The Internet is just a bunch of computers connected together.

The Internet has a very basic pathfinding mechanism that boils down to “how many service providers do you have to go through to reach your website” by default.

Each service provider owns all of the routing within their network (referred to as an “autonomous system”). Ultimately, they have individual control over which links the traffic flowing through their network goes over, but practically, they don’t typically mess with individual routes without a good reason. The answer to “who determines a connection route” is each individual ISP determines which routes to install/use for a given destination.

Notice that the pathfinding is based on how many “autonomous systems (ISPs)” you have to hop through to reach a destination, but the Internet has no idea about the speed of the links to reach a given destination. That means, if Autonomous system 12345 has a very slow link, and your AS Path is 2329 12345 5467, you will encounter a lot of latency. Let’s suppose that 12345 has a 10Gig link to 5467 and that 10Gig link always has way too much traffic on it, so your traffic is getting dropped/experiencing delays.

There are two things that can be done to avoid latency in this case. First, AS 12345 could fix their link that is slow (either by adding more links to 5467, fixing errors on the link, or routing around the bad link), or you could try to use a VPN to go around that link.

Let’s say you use a VPN, and after using the VPN your path is 2329 44687 4236 5467. This “looks” like a longer path for your route (4 networks instead of 3), but 2329, 44687, 4236, 5467 all have amazing networks with 400Gig links. Even though you are going through more providers now, you have avoided the bad link in 12345, so you get significantly less latency.
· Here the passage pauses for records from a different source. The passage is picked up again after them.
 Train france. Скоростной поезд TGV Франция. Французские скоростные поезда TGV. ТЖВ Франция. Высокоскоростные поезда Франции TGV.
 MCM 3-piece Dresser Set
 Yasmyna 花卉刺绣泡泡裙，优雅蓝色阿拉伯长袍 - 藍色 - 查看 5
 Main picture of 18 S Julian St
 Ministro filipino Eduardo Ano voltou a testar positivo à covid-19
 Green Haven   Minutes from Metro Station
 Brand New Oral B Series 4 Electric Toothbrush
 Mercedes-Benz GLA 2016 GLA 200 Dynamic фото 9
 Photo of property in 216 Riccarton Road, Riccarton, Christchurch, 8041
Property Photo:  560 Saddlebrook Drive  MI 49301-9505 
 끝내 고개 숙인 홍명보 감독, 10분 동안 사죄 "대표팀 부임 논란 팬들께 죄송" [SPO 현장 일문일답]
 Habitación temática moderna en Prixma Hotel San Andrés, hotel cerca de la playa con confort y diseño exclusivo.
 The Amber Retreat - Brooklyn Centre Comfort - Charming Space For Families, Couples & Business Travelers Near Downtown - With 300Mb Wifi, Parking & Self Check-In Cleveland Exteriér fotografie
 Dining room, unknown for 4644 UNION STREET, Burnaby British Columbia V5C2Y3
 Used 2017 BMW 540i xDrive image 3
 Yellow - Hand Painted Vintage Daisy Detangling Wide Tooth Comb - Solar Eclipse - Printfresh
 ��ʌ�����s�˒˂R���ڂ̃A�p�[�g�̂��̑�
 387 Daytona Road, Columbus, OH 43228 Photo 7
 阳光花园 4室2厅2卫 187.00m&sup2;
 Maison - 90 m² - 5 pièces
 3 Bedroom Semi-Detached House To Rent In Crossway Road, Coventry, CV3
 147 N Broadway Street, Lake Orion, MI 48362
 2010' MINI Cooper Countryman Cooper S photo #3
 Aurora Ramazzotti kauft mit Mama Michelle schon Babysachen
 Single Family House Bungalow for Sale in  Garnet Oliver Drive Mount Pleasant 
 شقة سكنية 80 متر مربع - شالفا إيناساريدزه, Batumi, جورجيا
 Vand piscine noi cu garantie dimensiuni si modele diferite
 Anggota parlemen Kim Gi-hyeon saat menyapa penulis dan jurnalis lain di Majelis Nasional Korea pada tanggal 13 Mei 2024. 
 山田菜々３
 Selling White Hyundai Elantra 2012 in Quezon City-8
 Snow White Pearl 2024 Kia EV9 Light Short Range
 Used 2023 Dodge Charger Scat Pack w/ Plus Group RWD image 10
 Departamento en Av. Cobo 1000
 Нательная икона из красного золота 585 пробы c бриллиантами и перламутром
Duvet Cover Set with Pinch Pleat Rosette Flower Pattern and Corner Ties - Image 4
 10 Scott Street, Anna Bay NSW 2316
EDIT: If you want to see the AS-PATH for yourself, you can go to [https://lg.he.net/](https://lg.he.net/) and select the “BGP Route” radio button, then type your destination IP address in the box and click Probe. The AS Path (list of ISPs) will show up in the “Path” column (this is from hurricane electric’s perspective). If you want to check the path from your ISP, you can google “YOUR-ISP-NAME Lookingglass” and see if your ISP shares their routing tables for lookups.